ケリー・マクゴニガルさんの『スタンフォードの自分を変える教室』を読みました。
どこのページから開いて読んでもみても、大丈夫。
意志の弱さの正体は一体どこから来るのか?
私はとにかく知りたかった。
私が10日間続けようと年末に立てた小さな目標は、3日で限界を迎えました。
「アイスを食べない!」
去年の冬から初夏までハーゲンダッツバーのアフォガートにはまりまくって、何十本も食べました。

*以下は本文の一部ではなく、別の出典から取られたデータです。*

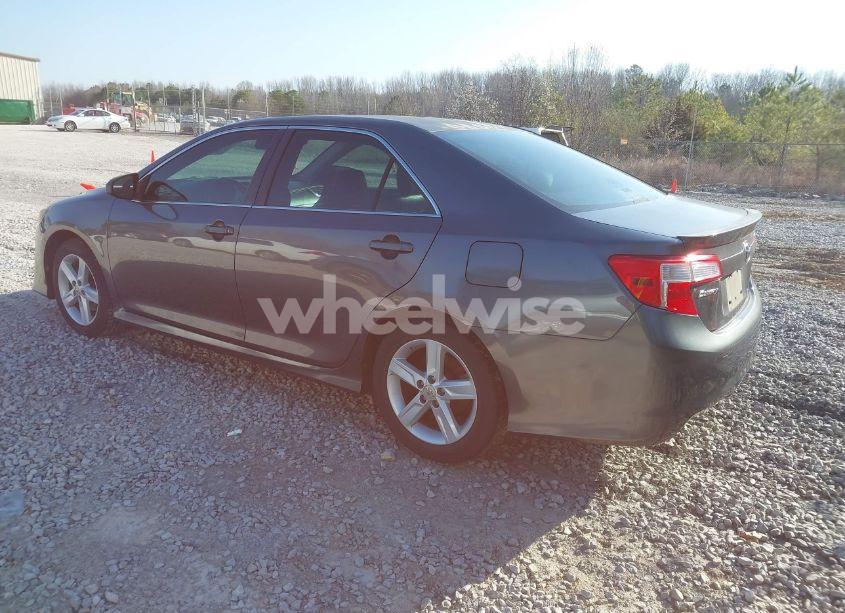 Photo 3 of 2013 Toyota Camry SE (VIN 4T1BF1FK1DU214074)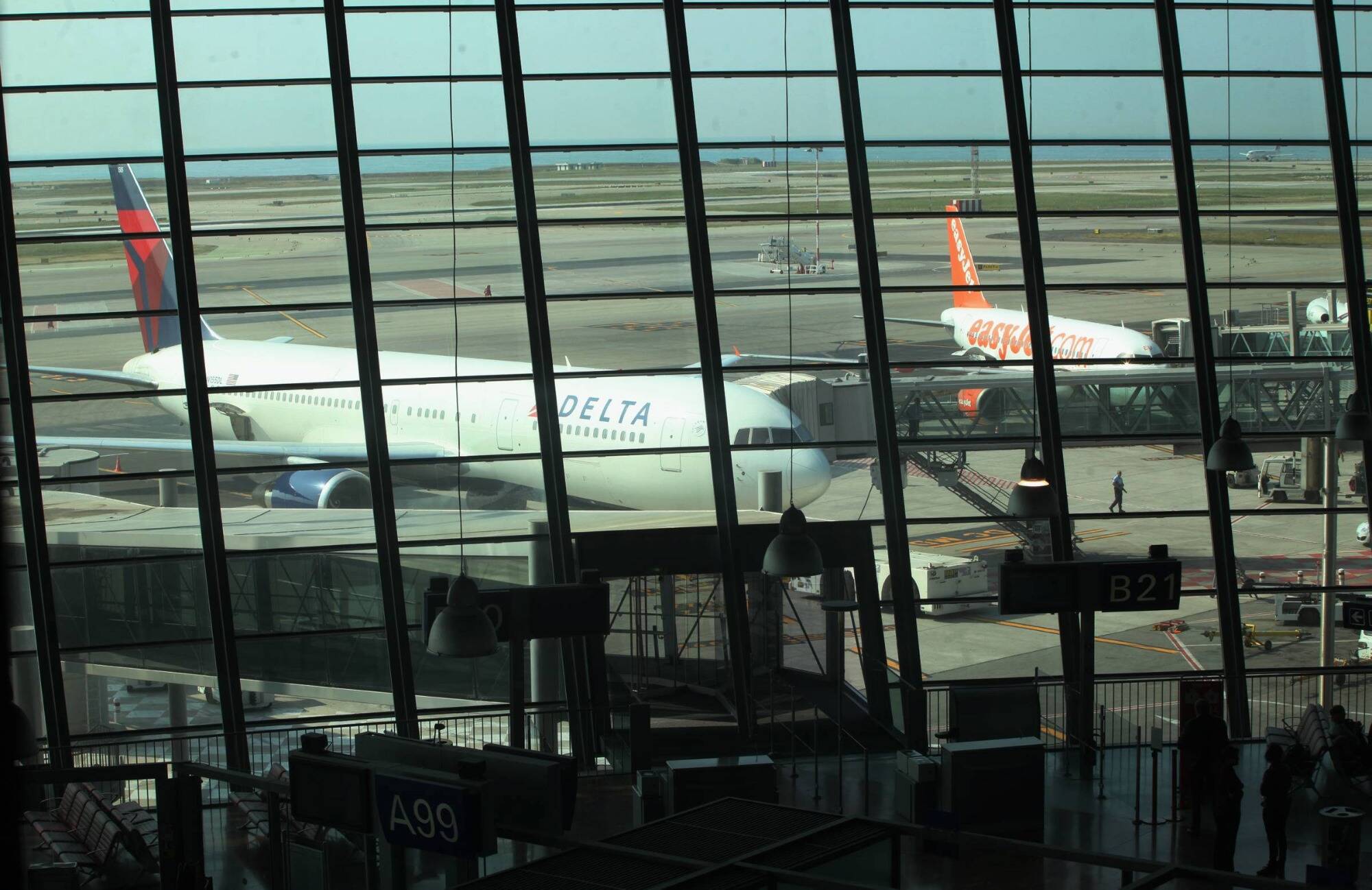 Il s'étrangle devant un sandwich vendu 19 euros à l'aéroport de Nice, son tweet fait un carton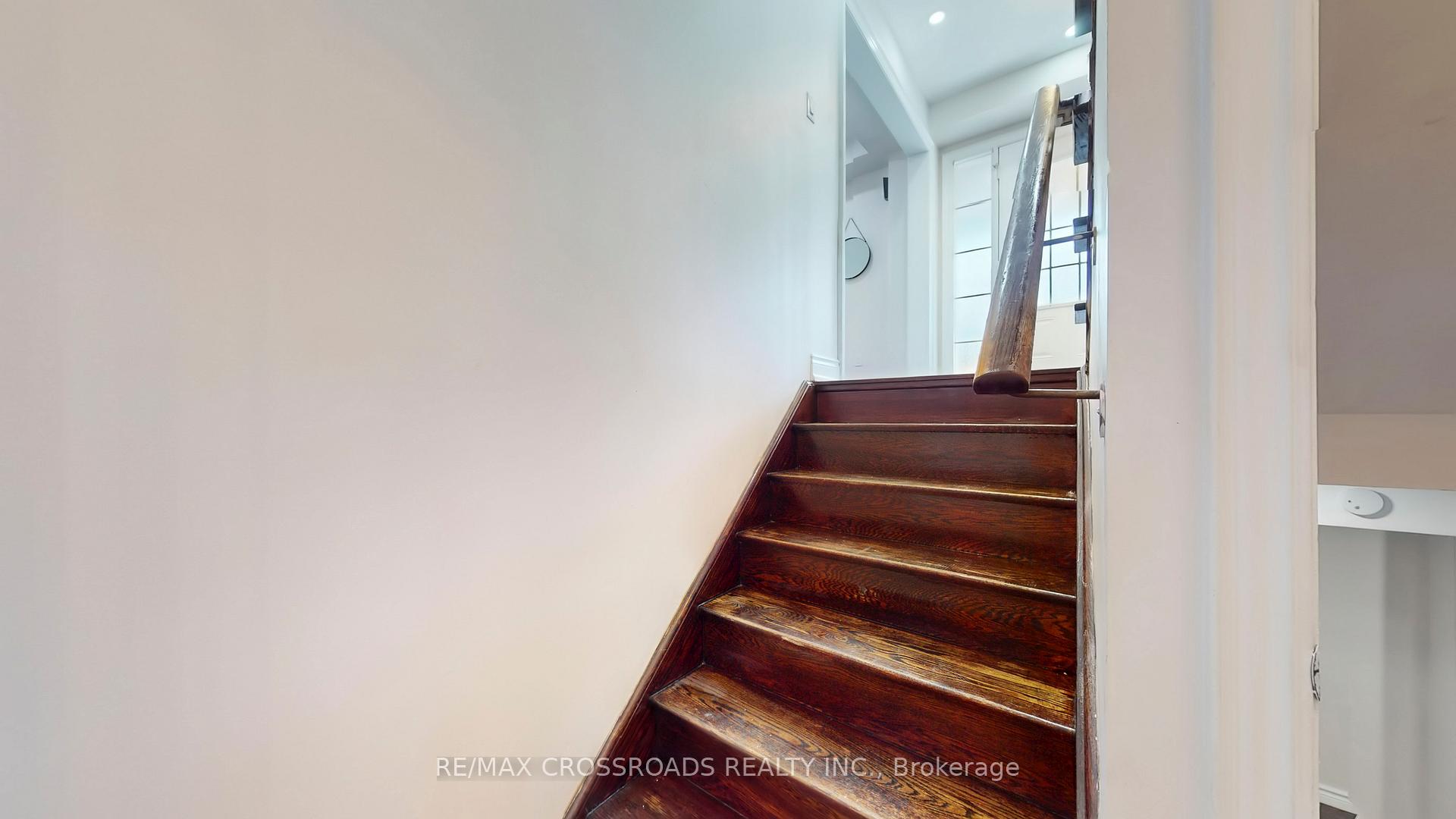 Photo 23 of 2436 Tillings Road, Pickering, Duffin Heights — HOMEH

その代償として、ゆるふわボディになってしまったんである。
ミシュランタイヤのキャラみたいなのを想像してほしい。
「健康のため」という大義名分は、強制力がいかんせん弱すぎだ。
ハーゲンダッツの新作はどんどん出るし。
とくに冬のこっくりとした濃厚なフレーバーは、心に絡みつく。
目標をやすやすと3日で破らせるそれは、神経伝達物質ドーパミンのしわざかもしれないと、本著で知った。

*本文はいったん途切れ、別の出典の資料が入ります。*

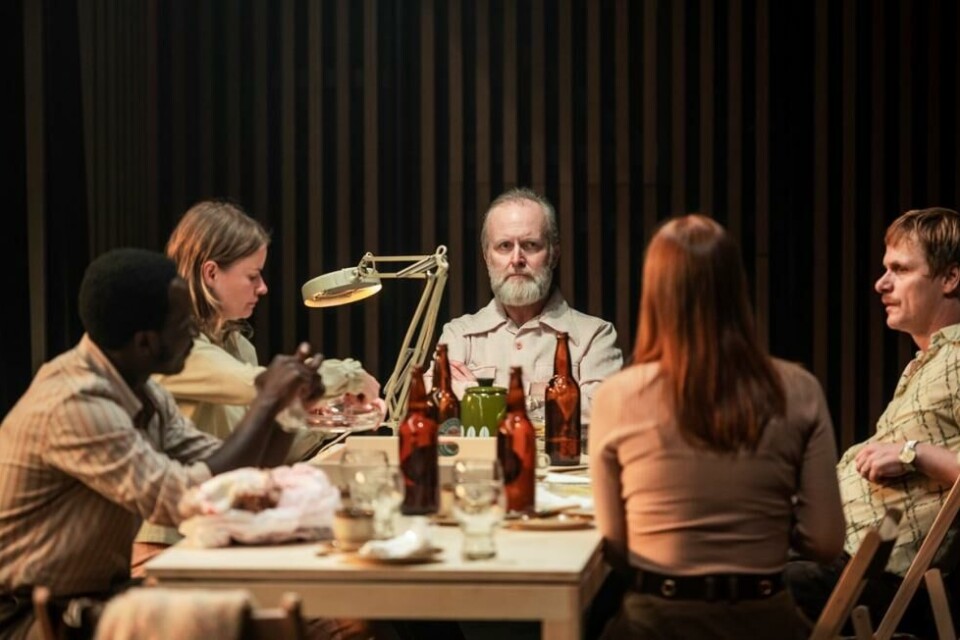 Oscar Jean (Relling), Sara Fellman (Gina), Jon Bleiklie Devik (Gregers), Kristine Hartgen (Hedvig)og Bjørnar Lisether Teigen (Hjalmar) i «Villanden», regi. Victoria Meirik. Teatret Vårt 2023. Foto: Erik Birkeland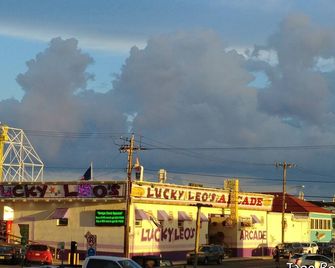 Beach Cottage 2nd House From Beach - Seaside Heights - Building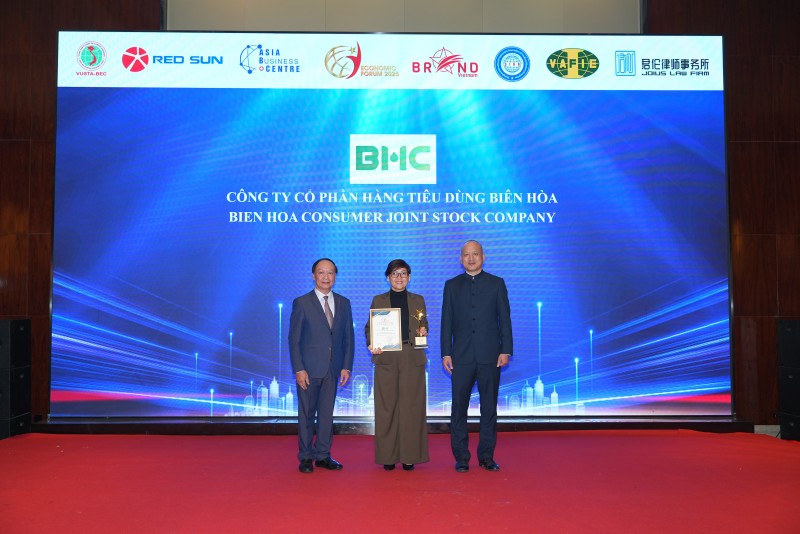 BHC nhận giải thưởng Top 10 thương hiệu Bản sắc Việt tại Diễn đàn Kinh tế châu Á – Thái Bình Dương BHC nhận giải thưởng Top 10 thương hiệu Bản sắc Việt tại Diễn đàn Kinh tế châu Á – Thái Bình Dương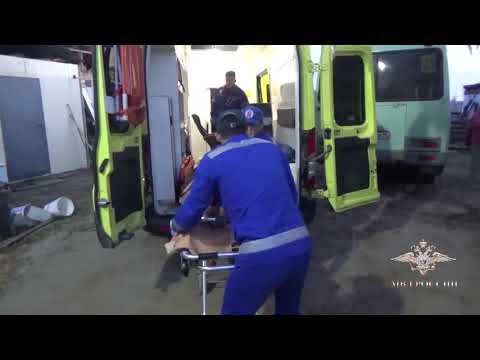 Полицейские вытащили из водяного плена женщину и спасли ее от переохлаждения Полицейские вытащили из водяного плена женщину и спасли ее от переохлаждения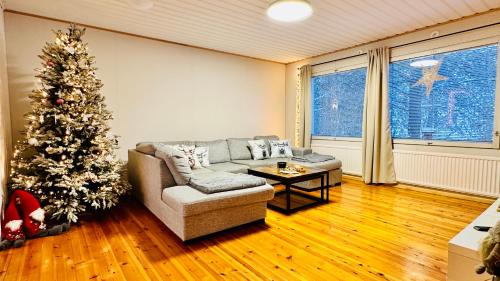 Koplietošanas atpūtas telpa ar TV, Willa Reindeer - komfortowy dom w sercu Laponii! in Paranena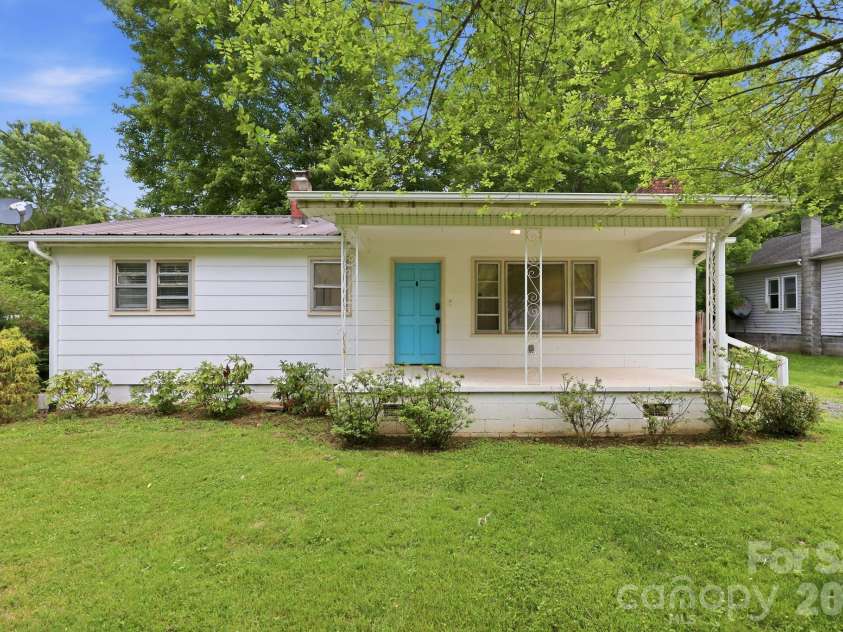 31 Edwards Street, Waynesville, NC 28786.  MLS# CAR4394084, YatesRealty ID 30794.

(糖質云々とかは、また他の話になるので、ここではしない。)
ドーパミンはやる気を出すのに大いに役立つが、一方で悪い面もある。
何かが欲しくてたまらない!とき。
私たちの脳や体で起きていることを観察すると、報酬への期待の高まりにワクワクするのと同じ位、ストレスを感じているそうだ。
欲望を感じているとき、必ずしも良い気分であるとは限らないのだ。
ときには、どうしようもなく最低な気分にさせることもある。
ドーパミンの主な役割は、私たちを幸せへと「追い求めさせる」ことであって、私たちを幸せに「する」ことではない。
だから、ドーパミンは私が不幸を味わおうと知ったこっちゃない。
報酬システムは飴とムチ。
それが、「報酬の期待感」と「ストレス」になるという。
脳の報酬センターがドーパミンを放出すると、脳のストレスセンターにも信号を送る。
例えば、私が「アイスが欲しい!」と期待すればするほど、一方では不安が募り、何が何でも欲しくなる。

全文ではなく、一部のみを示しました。